Who would sell a used chuck by itself ?

And why would you buy the brand new lathe without something to get started with ?

How can you "run off" the lathe and accept it, making final payment ?

Most every machine dealer would void warrantees because YOU put a unknown (to them) chuck on the new machine....:nutter:
 
Who would sell a used chuck by itself ?

I scrapped two Southbend Magnaturn pieces of crap having to pay to have them hauled away over a dozen years ago. I took the 6" Kitagawa chucks off and sold them on E-bay, they were in perfectly fine shape, auctioning them off I got about 15% of new price.
 
I scrapped two Southbend Magnaturn pieces of crap having to pay to have them hauled away over a dozen years ago. I took the 6" Kitagawa chucks off and sold them on E-bay, they were in perfectly fine shape, auctioning them off I got about 15% of new price.
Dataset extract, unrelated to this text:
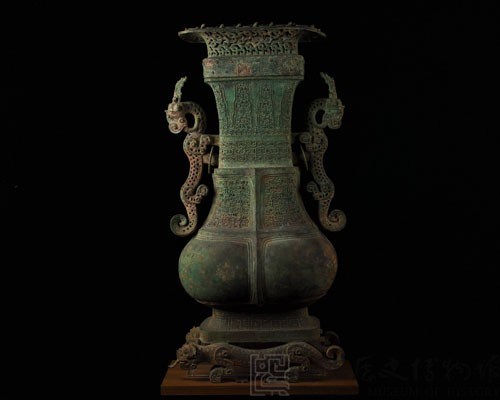 Fang-hu, Squarish ritual wine vessel Collection Image, Figure 1, Total 47 Figures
But can the Op find such a deal, in time for the run off ?
and even so, will the OEM accept them, for any warranty/performance issues that may arise ?
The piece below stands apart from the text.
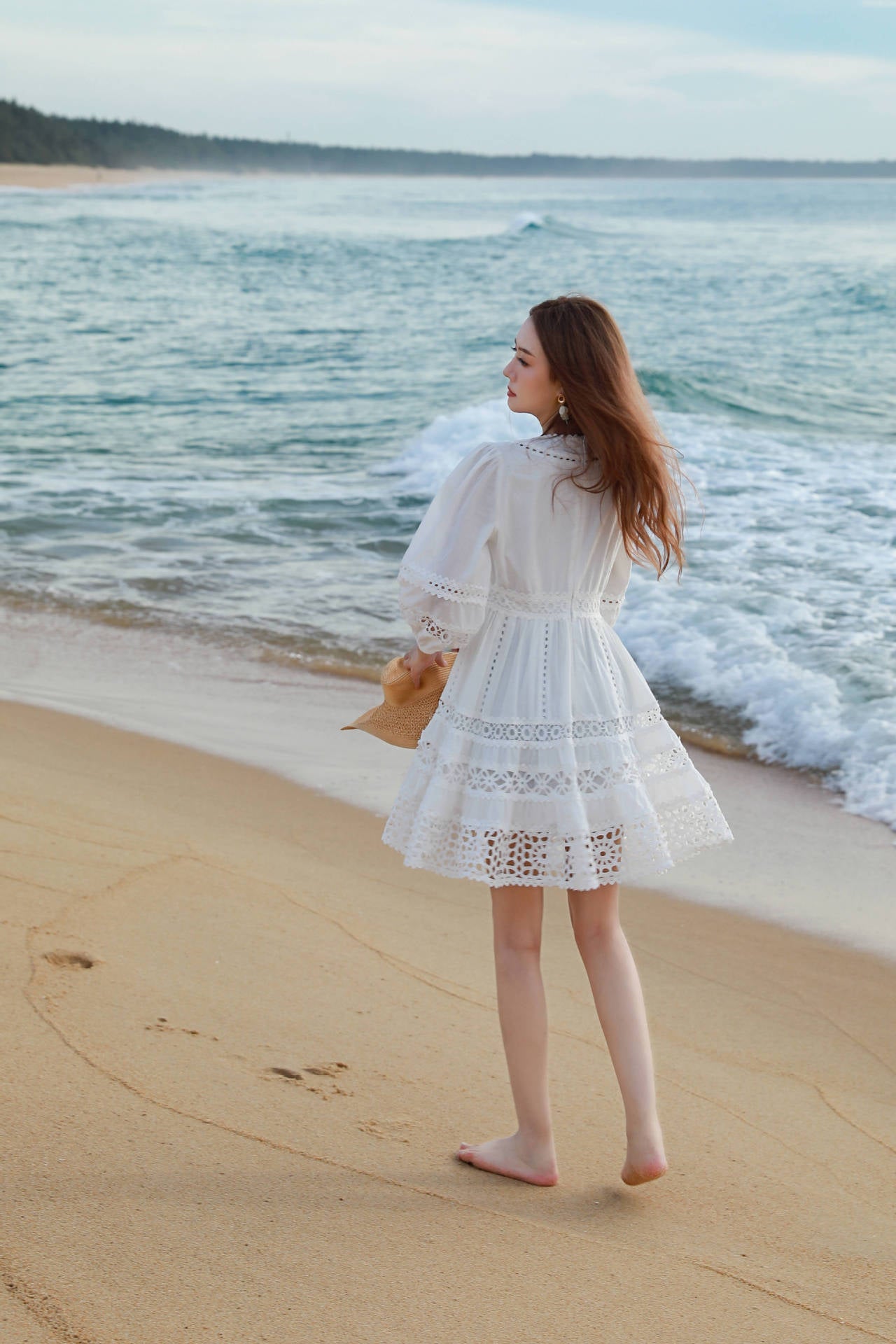 Robe Blanche Manches Lanternes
Real easy for the OEM to point the finger at the Non OEM chuck, and place all blame on it.
 
New chuck it is then, not worth the risk. The lathe does come with a new chuck. OEM choices are limited to 3-jaw models, you can select diameter. I thought it would be handy to have other types (4 jaw, collet, etc). Which chuck type do you CNC lathe guys use most?
 
I scrapped two Southbend Magnaturn pieces of crap having to pay to have them hauled away over a dozen years ago. I took the 6" Kitagawa chucks off and sold them on E-bay, they were in perfectly fine shape, auctioning them off I got about 15% of new price.

But can the Op find such a deal, in time for the run off ?
and even so, will the OEM accept them, for any warranty/performance issues that may arise ?

Real easy for the OEM to point the finger at the Non OEM chuck, and place all blame on it.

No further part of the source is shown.